Exercise directions
Reproduce only this stretch of the listing below: from the line with "Bedroom with large" through the line with "An Iranian Fateh-110", exactly as written, with pictures excluded.

Records to use
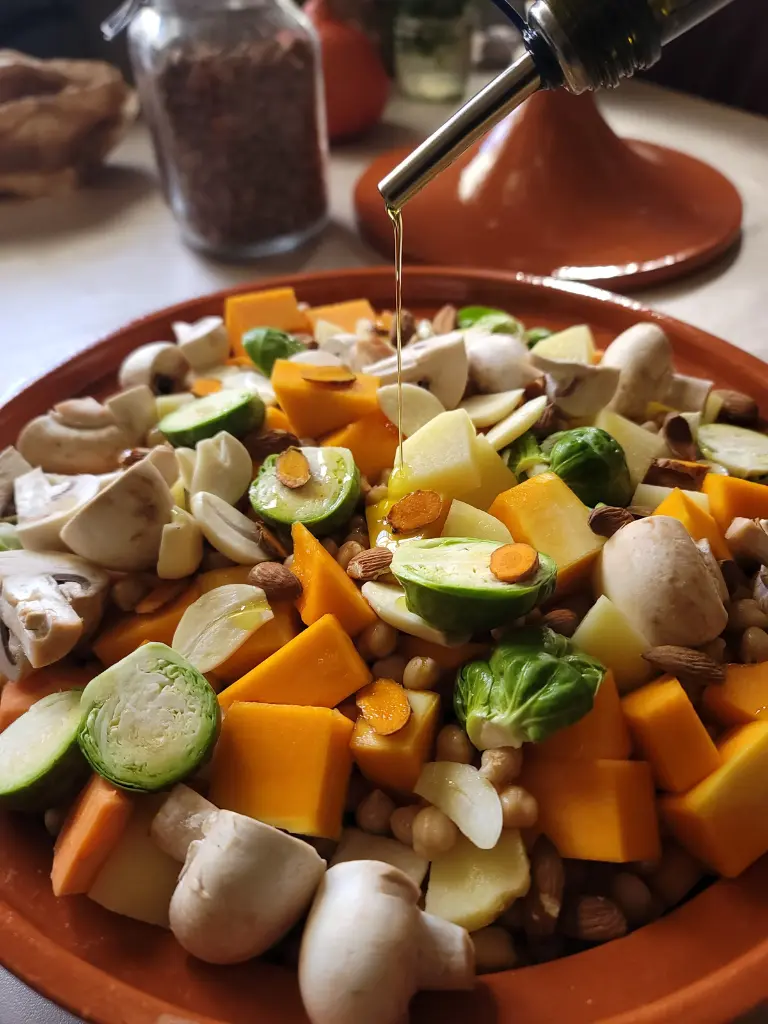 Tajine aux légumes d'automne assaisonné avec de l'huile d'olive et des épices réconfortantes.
...
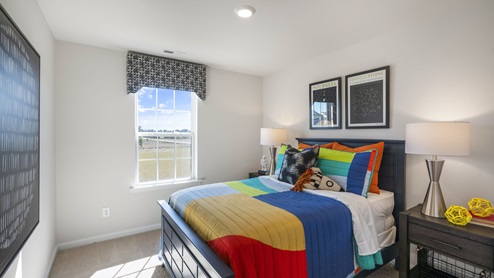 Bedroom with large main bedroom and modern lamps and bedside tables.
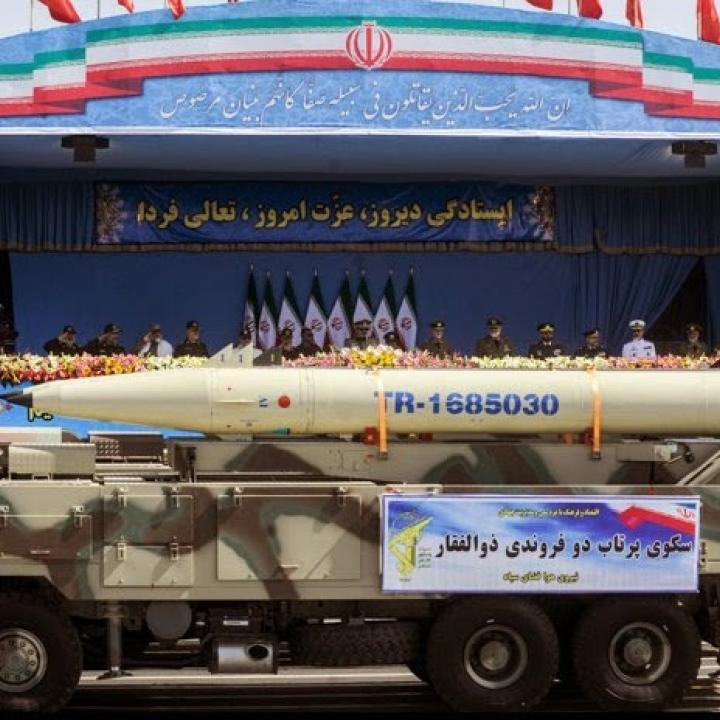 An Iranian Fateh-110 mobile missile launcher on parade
...
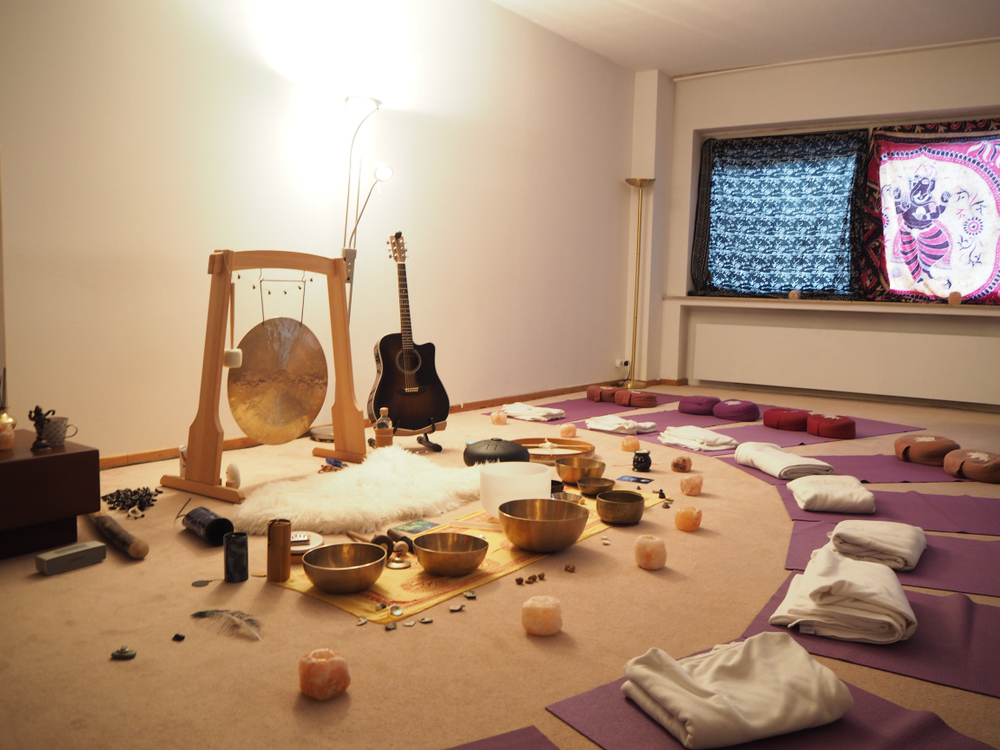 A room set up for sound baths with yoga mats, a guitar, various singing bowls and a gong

Expected answer
 Bedroom with large main bedroom and modern lamps and bedside tables.
 An Iranian Fateh-110 mobile missile launcher on parade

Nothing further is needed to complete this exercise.